Studies of Little League baseball and football have been cropping up around the country, with interesting if generally inconclusive results. Although a third of the parents questioned in one survey said their sons were too excited to eat or sleep normally after a Little League baseball game, scientific measurement of sweating response—as a precise indicator of emotional stress—showed that the boys were no more stimulated by a formal Little League game than they were by softball games played in school during phys ed classes. But another test, in which portable devices taped to the youngsters' bodies recorded heart rates during a game, revealed that pulses became most rapid when the players were at bat; since the boys claimed they did not feel nervous when they were batting, the researchers suggested that the cheering of parents and other spectators, for or against the batter, had an influence on heart rate. This indication that the Little League environment causes emotional reaction counteracts the sweating-response findings and brings us back to square one.

Replies to questionnaires on Little League football, distributed to coaches, parents and players in Utah and New Mexico, reflected the special interests of those queried. The Little League coaches were nearly unanimous in describing themselves as fair and knowledgeable and in saying that the most valuable aspects of the program were learning the game, conditioning and teamwork. But high school coaches said their Little League counterparts were generally unqualified, if well-meaning, and failed to teach "good fundamentals." Parents said their own feelings and reactions had no effect on their sons and declared rather sanctimoniously that the principal benefits of the program were teamwork, knowledge of the game, sportsmanship, fitness, fun and discipline.

The kids themselves said their coaches knew football, were good teachers and worked hard, but 41% also complained that the coaches yelled too much and 36% added that they were poor losers or poor examples. When asked why they played, most of the boys answered, simply, "To have fun." Significantly, almost three-quarters of them said they would rather see action with a losing team than sit on the bench with a winner.

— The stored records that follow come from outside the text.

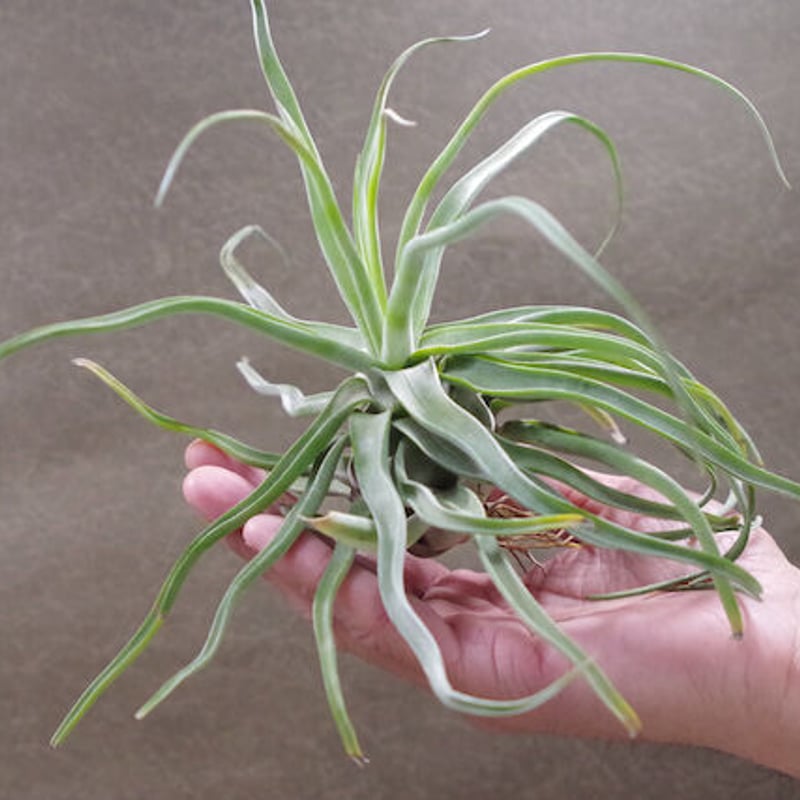 ストレプトフィラ × セレリアナ） × ショータイム 05号 | air-plants TE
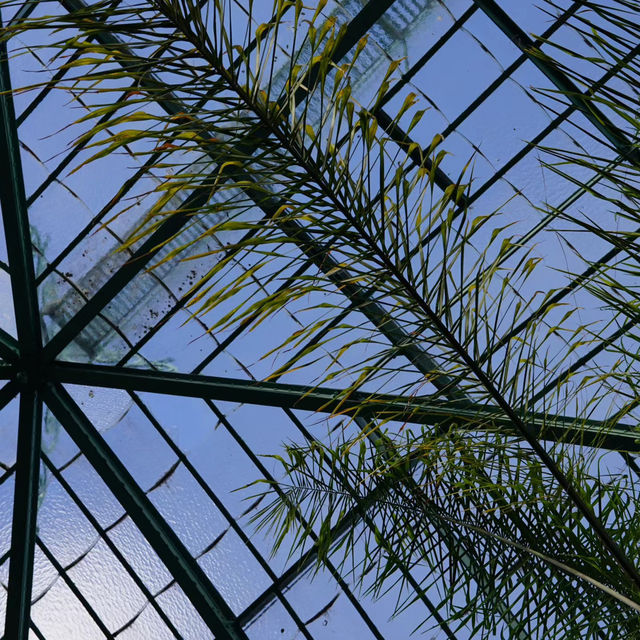 劍橋大學植物園🛟全面瞭解大自然的鬼斧神工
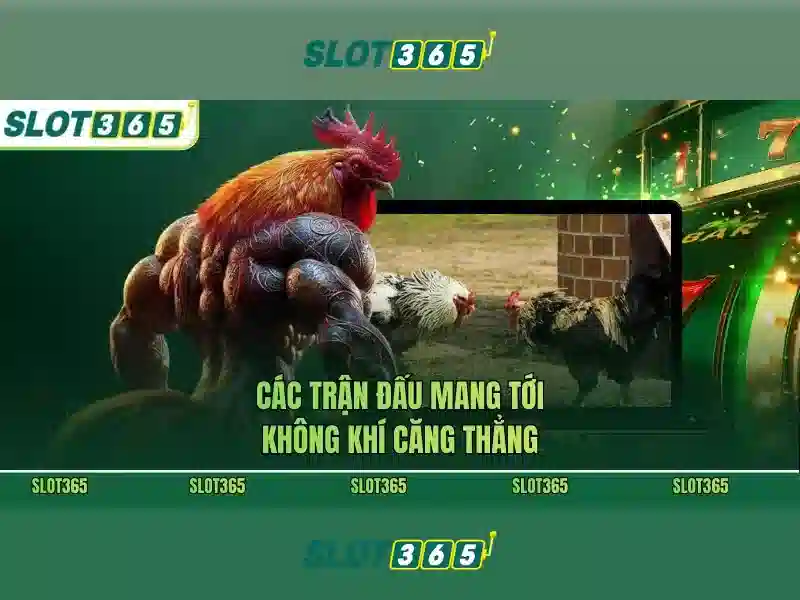 Hỗ trợ khách hàng và phục vụ\n\n
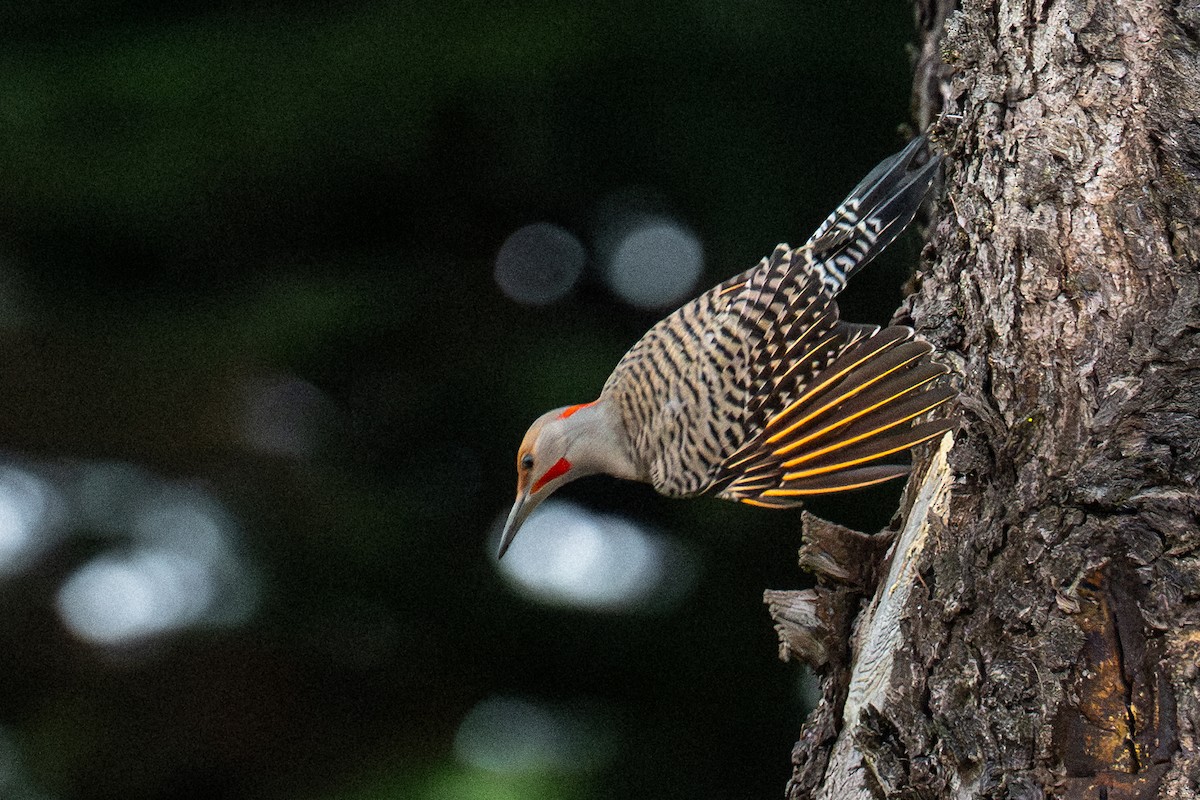 Northern Flicker - ML647335093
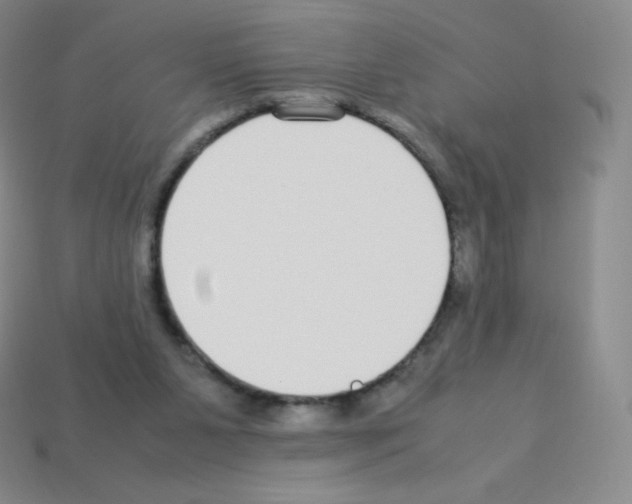X0000113040111200910081219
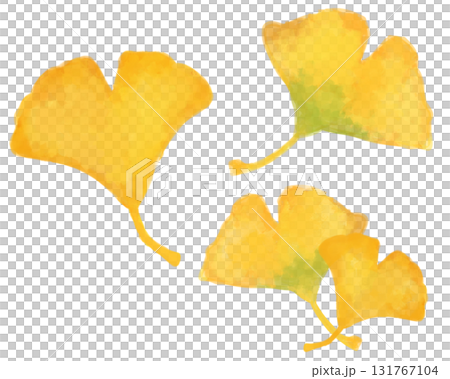 水彩風格的銀杏插畫素材 | 非常適合秋季設計和背景 | 自然優雅的秋葉素材 水彩風格的銀杏插畫素材 | 非常適合秋季設計和背景 | 自然優雅的秋葉素材 131767104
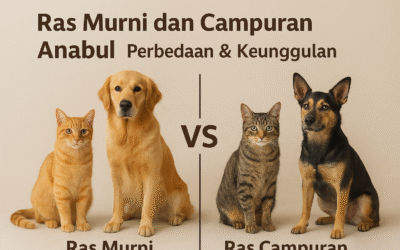 Ras Murni dan Campuran Anabul: Perbedaan & Keunggulan Ras murni dan Ras Campuran anabul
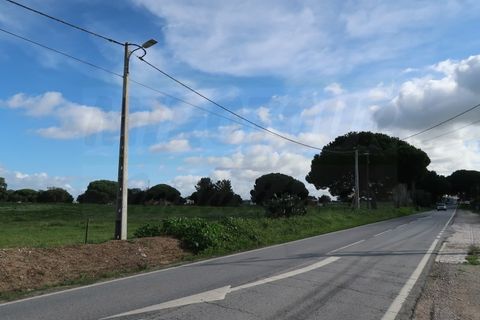 Helårsgrund i Quinta do Anjo, Setubal, Quinta do Anjo - € 1.596.000 | Ref: 2022139 - foto 6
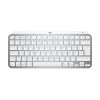 Logitech Master Series MX Keys Mini voor Mac-toetsenbord (920-012647)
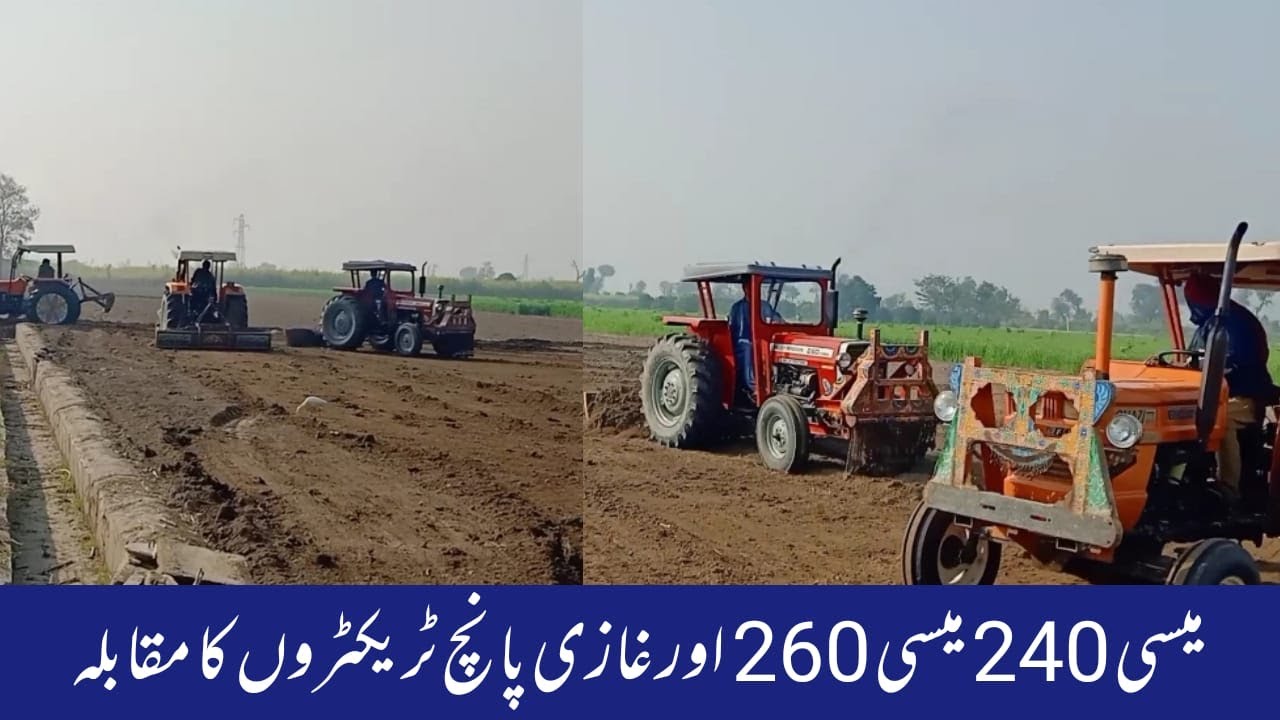 Tractor Muqabla Ghazi Tractor Mf 260 MF 240 tracto r | ghazi vs Masey 260 |Mukabla in pakistan 2022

Carnegie-Mellon University of Pittsburgh is not one of the nation's basketball powers, and no wonder. Workmen laying a new floor in Carnegie-Mellon's basketball court sensed that something was wrong with the center circle. They took a few measurements and found they were right—the circle was four feet off center to one side of the court. When he was told about it, former Athletic Director Raymond Haynes said the sideslip must have occurred that time they put the new backboards in. And when was that? Well, 12 years ago.

And you wonder why your jump shot keeps going off to one side....


When Colorado Coach Bill Mallory elected to go for one point and a tie against Oklahoma a couple of weeks ago, instead of gambling for two and an upset victory, the kick failed, Colorado lost and Mallory locked the press out of the dressing room after the game.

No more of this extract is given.